Suisse: le "tourisme de la mort" multiplié par deux entre 2009 et 2012
Le nombre d'étrangers se rendant en Suisse pour se donner la mort a été multiplié par deux entre 2009 et 2012, les Allemands et les Britanniques arrivant largement en tête, selon une étude publiée jeudi.
La Suisse est l'un des très rares pays au monde à autoriser l'aide au suicide dès lors que celle-ci ne se fonde pas sur un mobile "égoïste". Cette aide est apportée de façon passive en procurant par exemple les médicaments permettant à une personne de mettre fin à ses jours.
En étudiant les données de l'Institut médico-légal de Zurich, des chercheurs suisses et britanniques ont pu déterminer que 611 étrangers non résidents originaires de 31 pays avaient bénéficié d'une assistance à mourir en Suisse entre 2008 et 2012.

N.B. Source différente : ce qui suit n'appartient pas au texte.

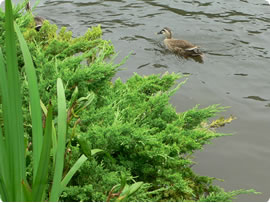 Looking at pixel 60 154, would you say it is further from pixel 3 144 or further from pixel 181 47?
pixel 181 47

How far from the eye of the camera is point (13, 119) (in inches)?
65.2

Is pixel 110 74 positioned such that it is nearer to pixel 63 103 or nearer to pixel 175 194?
pixel 175 194

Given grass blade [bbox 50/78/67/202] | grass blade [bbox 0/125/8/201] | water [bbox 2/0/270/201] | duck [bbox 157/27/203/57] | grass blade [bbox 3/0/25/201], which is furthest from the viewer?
duck [bbox 157/27/203/57]

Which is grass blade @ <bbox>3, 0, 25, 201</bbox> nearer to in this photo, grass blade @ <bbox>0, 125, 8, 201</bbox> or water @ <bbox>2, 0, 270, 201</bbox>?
grass blade @ <bbox>0, 125, 8, 201</bbox>

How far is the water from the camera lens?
5.00 meters

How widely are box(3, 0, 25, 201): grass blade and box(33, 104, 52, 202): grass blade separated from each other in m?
0.08

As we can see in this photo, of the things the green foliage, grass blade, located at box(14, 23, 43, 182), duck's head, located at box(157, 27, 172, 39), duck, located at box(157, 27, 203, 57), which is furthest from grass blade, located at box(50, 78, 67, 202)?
duck's head, located at box(157, 27, 172, 39)

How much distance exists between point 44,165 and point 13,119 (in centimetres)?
27

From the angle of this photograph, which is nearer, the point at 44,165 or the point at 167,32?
the point at 44,165

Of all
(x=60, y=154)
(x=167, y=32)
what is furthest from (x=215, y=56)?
(x=60, y=154)

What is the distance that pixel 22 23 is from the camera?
429cm

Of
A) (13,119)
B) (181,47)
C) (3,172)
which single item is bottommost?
(181,47)

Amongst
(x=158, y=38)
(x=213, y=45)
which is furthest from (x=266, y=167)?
(x=158, y=38)

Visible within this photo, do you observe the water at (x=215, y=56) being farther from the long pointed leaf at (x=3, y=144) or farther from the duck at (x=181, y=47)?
the long pointed leaf at (x=3, y=144)
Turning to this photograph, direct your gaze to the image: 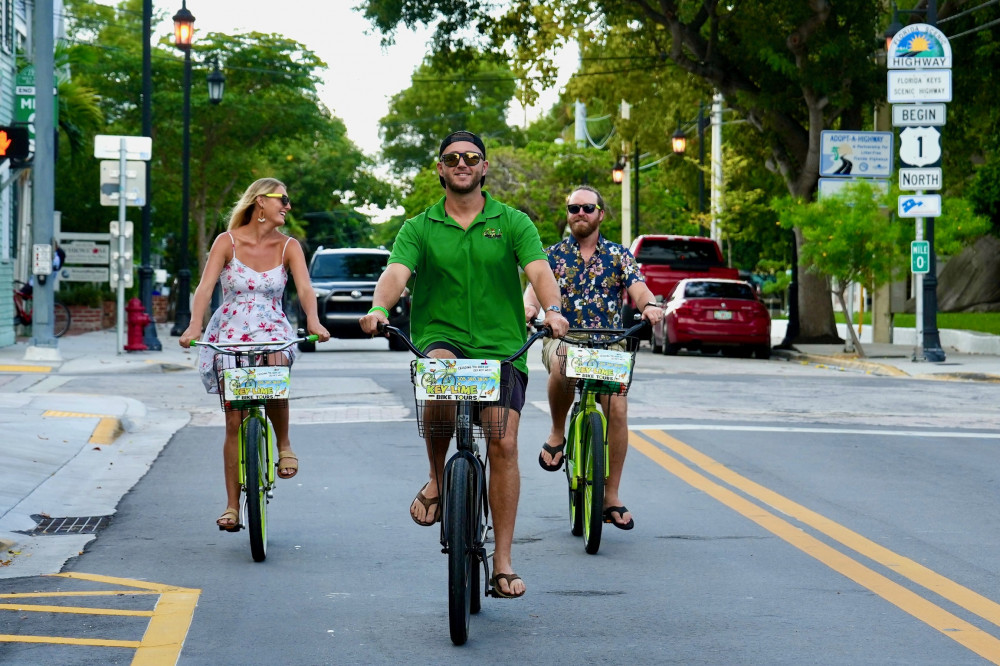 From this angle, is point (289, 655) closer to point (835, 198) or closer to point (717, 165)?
point (835, 198)

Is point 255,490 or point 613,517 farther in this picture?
point 613,517

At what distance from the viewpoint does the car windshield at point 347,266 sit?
95.5 ft

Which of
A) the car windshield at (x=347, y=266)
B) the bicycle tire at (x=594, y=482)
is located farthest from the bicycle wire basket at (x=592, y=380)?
the car windshield at (x=347, y=266)

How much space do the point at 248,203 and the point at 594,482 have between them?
2.24 m

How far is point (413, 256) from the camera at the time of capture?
20.9 feet

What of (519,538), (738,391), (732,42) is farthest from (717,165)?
(519,538)

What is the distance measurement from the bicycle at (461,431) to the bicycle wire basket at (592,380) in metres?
1.45

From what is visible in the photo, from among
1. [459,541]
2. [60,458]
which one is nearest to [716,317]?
[60,458]

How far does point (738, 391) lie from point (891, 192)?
1068cm

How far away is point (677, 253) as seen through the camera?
104 feet

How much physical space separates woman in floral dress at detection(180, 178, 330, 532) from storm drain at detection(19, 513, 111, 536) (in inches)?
42.7

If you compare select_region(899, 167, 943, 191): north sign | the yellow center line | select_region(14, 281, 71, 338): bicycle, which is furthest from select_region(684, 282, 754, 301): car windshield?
the yellow center line

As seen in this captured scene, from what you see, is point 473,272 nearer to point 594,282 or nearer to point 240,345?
point 240,345

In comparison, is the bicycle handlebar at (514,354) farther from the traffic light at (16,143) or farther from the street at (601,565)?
the traffic light at (16,143)
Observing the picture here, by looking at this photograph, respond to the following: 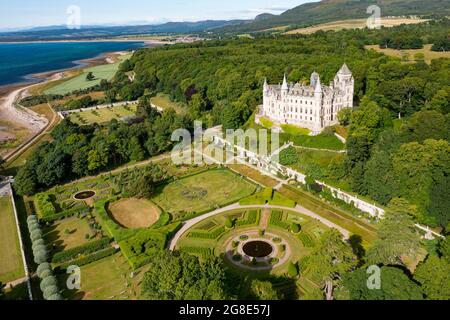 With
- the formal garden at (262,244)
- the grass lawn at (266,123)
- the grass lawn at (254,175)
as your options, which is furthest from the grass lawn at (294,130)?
the formal garden at (262,244)

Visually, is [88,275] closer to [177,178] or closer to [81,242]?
[81,242]

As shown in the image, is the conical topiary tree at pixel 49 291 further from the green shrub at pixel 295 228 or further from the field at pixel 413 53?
the field at pixel 413 53

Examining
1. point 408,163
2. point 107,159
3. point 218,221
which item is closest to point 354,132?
point 408,163

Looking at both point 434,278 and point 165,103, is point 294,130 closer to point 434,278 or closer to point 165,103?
point 434,278

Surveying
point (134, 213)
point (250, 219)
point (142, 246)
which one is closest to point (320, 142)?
point (250, 219)

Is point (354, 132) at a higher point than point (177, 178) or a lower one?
higher

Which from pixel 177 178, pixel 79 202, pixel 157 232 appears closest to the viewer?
pixel 157 232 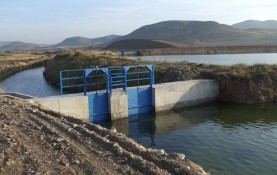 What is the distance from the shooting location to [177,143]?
15102mm

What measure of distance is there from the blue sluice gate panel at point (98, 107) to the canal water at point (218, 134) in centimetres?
93

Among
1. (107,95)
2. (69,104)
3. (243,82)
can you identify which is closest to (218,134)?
(107,95)

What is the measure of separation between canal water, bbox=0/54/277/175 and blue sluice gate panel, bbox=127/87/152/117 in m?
0.86

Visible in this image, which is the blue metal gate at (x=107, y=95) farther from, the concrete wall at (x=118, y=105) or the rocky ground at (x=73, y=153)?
the rocky ground at (x=73, y=153)

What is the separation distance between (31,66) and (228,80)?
4077 cm

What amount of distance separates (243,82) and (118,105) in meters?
9.65

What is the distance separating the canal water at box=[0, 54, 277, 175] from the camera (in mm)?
12516

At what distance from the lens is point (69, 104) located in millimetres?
17922

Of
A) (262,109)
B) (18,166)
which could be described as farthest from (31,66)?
(18,166)

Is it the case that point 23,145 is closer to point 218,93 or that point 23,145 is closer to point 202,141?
point 202,141

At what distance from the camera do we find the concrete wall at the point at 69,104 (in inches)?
683

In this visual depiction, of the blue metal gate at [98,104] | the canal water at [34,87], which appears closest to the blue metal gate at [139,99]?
the blue metal gate at [98,104]

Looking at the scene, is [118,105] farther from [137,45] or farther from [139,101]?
[137,45]

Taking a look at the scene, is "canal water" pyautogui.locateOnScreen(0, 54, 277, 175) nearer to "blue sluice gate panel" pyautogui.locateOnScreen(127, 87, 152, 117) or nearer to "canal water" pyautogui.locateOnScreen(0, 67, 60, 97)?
"blue sluice gate panel" pyautogui.locateOnScreen(127, 87, 152, 117) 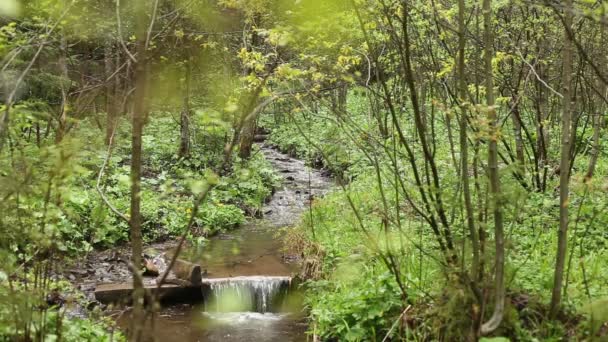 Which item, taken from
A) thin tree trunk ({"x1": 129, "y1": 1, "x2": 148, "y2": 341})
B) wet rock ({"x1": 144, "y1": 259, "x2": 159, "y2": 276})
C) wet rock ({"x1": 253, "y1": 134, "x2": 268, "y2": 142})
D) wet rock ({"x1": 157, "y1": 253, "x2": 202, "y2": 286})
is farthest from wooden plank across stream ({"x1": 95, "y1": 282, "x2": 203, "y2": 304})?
wet rock ({"x1": 253, "y1": 134, "x2": 268, "y2": 142})

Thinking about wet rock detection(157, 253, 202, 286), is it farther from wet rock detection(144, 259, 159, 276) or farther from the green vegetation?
the green vegetation

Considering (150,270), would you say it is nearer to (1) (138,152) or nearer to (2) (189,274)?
(2) (189,274)

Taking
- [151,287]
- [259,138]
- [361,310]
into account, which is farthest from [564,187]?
[259,138]

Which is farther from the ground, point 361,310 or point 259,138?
point 259,138

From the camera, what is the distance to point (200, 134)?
16812mm

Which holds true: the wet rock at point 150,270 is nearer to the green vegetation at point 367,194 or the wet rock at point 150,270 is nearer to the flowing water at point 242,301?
the flowing water at point 242,301

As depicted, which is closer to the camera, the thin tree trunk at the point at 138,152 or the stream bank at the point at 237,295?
the thin tree trunk at the point at 138,152

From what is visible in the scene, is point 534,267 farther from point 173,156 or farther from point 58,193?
point 173,156

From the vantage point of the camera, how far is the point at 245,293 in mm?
8414

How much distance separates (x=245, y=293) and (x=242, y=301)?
17 centimetres

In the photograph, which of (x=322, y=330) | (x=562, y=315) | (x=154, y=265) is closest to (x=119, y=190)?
(x=154, y=265)

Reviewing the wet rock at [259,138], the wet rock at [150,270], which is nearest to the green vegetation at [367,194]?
the wet rock at [150,270]

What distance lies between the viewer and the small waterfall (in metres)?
8.17

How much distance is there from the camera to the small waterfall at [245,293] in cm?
817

Parmi elles figurent 268 Allemands et 126 Britanniques, les Français arrivant en troisième position (66), devant les Italiens (44), les Américains (21), les Autrichiens (14) et les Canadiens (12).
Après une baisse entre 2008 et 2009, le nombre global des suicides assistés commis par des personnes non résidentes en Suisse a été multiplié par deux entre 2009 et 2012, avec des hausses particulièrement nettes pour des pays comme l'Italie (22 cas en 2012 contre 4 en 2009) et la France (19 en 2012 contre 7 en 2009).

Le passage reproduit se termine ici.